On peut voir ici l’expérience accumulée, en dépit des obstacles, par les pays anciennement industrialisés, et institutionnalisée à travers l’établissement de prêteurs en dernier ressort, d’une garantie des dépôts, de procédures de supervision et d’une régulation présentant un certain degré d’efficacité.

La fragilité bancaire coté passif semble donc ne plus être un élément suffisant pour mettre en péril le système financier dans ce type de pays. Par contre, c’est plutôt en matière d’actif de bilan que le processus de fragilité bancaire va pouvoir se développer, en particulier à travers la lancinante question des «‘créances douteuses»’ qui étaient déjà à la racine de l’instabilité financière propre au capitalisme émergent.

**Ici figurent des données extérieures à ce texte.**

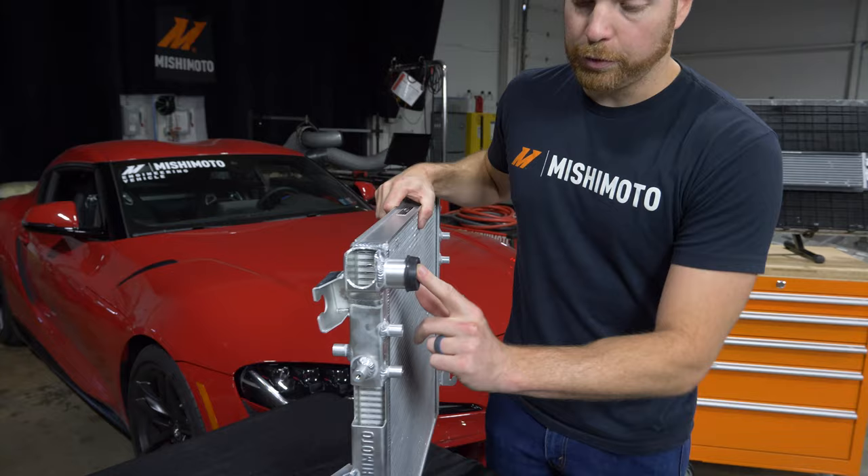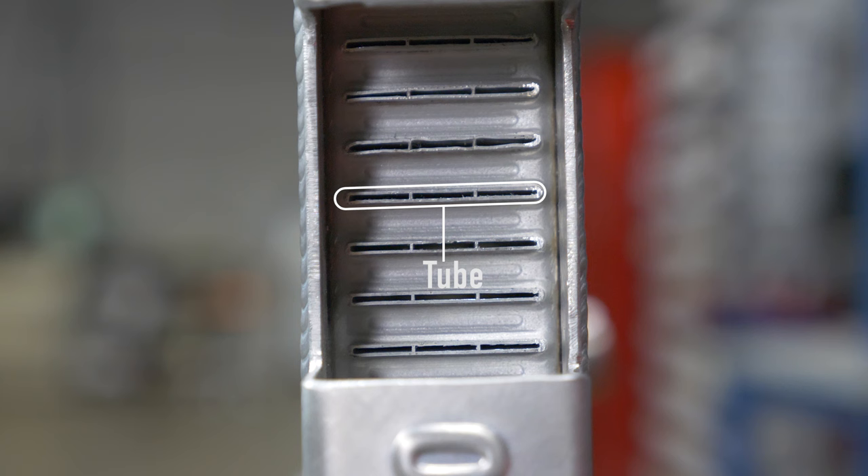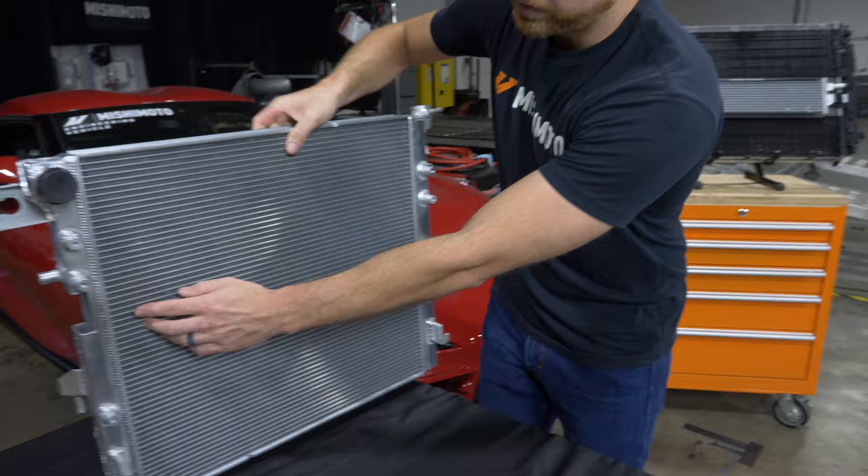When your coolant goes into your end tank, it goes in through your inlet, goes down through the end tank, and is evenly distributed through the tubes inside of your rad. Those tubes travel the entire length of the core itself to the outlet end tank.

En choisissant d’analyser la fragilité bancaire caractérisant le Japon, nous nous efforcerons de montrer les raisons qui expliquent l’irruption d’une crise financière larvée marquée par deux phases aiguës en 1991 et 1997 772 .

Nous étudierons d’abord les deux éléments candidats à l’explication de cette fragilité financière, c’est à dire, en premier lieu, un système «axé sur la banque» contraint d’évoluer par les succès commerciaux du pays, auxquels il a lui-même contribué, puis une dérégulation progressant de manière limitée.

A partir de là, nous réfléchirons sur la nature de cette fragilité financière afin de comprendre en quoi les deux éléments, précédemment indiqués, se combinent pour permettre l’émergence de ce que nous nommerons une ‘«’ ‘double fragilité bancaire»’ dont il faudra démontrer la pertinence.

Pendant la phase de haute conjoncture, l’intermédiation de crédit va constituer, pour les banques, une arme à double tranchant. D’un côté, elle favorise la croissance exceptionnelle de l’appareil productif et commercial. Mais d’un autre côté, comme nous le verrons, elle va créer les conditions permettant aux grandes entreprises de s’émanciper de la tutelle des établissements de crédit domestiques.

Cette situation, accompagnée par le refus des banques de modifier le cadre de leur action, va constituer le cadre d’une ‘«’ ‘fragilité bancaire initiale»’. L’impasse qui résulte de cette situation engage le système bancaire dans une tentative de transformation qui ne s’accompagne pas, parallèlement, de la mise en œuvre d’une régulation adaptée.

La recherche de nouvelles sources de profit entraîne alors une prise de risque mal maîtrisée par les établissements financiers. Il résulte de ce processus l’apparition d’une «fragilité induite» dans laquelle la course en avant des banques concernées va fortement déstabiliser certains marchés d’actifs.

Cette «double fragilité bancaire», conjonction d’une fragilité initiale et d’une fragilité induite, semble pouvoir être mise en lumière dans d’autres cas touchant des systèmes de financement axés sur la banque dans les pays développés.

En mettant en lumière sa structuration comme double-contrainte, elle pourra apparaître comme un concept permettant d’interpréter les phases d’instabilité propres aux capitalismes de maturité dans ce qu’elles ont de commun.

Notes
772.

Jusqu’aux années 80, la stabilité financière caractérisait pourtant ce pays, qui, si l’on omet la fin de la seconde guerre mondiale, n’avait pas connu de crise financière depuis 1927.